One can still watch on the I player some of the Patrick Moore programmes of the Sky at Night made back in the 1960s. To my mind infinitely better presented and handled than the present efforts.
Bruce Parry of ‘Tribe’ fame went to the BBC with an outline for a program which linked what and how we consume with the ecological destruction and displacement/compromising of indigenous communities he’s actually witnessed while making his TV series. Day by day the need to show this to the public grows more important and yet the BBC turned him down flat. That’s appalling.
I have to say this is being compounded by environmental organisations who are increasingly taking the line that individuals can’t make a difference it’s all down to big business and government – conveniently allowing people to pass the buck. Considering the billions upon billions of pounds, dollars and yen pumped into advertising, market research, marketing and public relations to hook us ‘powerless’ individuals this is clearly a load of crap, but it’s the sort of ‘it’s not your fault it’s them’ approach taken by career politicians that too many environmental orgs seem to have adopted.
The telly was never really particularly great at giving people pointers as to reducing their impact, but it’s got worse, it’s not even trying now. BBC Radio is a bit better with programs like Costing the Earth, but not that much and it’s not enough.

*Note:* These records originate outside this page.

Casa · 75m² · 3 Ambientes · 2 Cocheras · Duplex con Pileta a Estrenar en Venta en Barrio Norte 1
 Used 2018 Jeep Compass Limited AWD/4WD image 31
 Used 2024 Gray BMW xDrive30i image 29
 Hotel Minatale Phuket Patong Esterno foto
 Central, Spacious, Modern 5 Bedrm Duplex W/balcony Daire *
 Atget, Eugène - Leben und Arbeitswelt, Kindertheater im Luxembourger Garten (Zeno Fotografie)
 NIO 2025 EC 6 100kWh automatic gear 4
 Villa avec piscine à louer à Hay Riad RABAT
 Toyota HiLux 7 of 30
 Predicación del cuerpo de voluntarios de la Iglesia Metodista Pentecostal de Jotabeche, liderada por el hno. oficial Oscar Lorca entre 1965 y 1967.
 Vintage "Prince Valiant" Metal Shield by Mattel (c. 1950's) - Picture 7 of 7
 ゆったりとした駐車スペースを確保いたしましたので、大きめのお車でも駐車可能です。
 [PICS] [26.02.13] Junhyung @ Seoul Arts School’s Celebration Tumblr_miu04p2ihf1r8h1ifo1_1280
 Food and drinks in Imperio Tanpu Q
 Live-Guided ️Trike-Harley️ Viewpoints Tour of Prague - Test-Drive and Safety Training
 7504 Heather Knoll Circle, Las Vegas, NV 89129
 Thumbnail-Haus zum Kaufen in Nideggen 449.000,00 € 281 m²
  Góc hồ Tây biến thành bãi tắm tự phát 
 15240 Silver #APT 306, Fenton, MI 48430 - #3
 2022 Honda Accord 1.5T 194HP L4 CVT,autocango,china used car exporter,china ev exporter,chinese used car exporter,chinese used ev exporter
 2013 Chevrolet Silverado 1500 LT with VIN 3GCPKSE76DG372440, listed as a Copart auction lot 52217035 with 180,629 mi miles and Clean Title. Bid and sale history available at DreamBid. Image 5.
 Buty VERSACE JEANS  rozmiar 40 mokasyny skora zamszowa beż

They should do much, much better on so important a topic. Just shows where their priorities are.
I too listen to the Today programme early in the morning and there often seems to be interesting stuff that you hear then that never gets repeated later in the day.
Part of the item on Whytham was repeated on WATO. But Sarah Montague insisted on calling it With ham!. Annoying for locals!
Wytham!! Mea culpa, as a local! Sorry.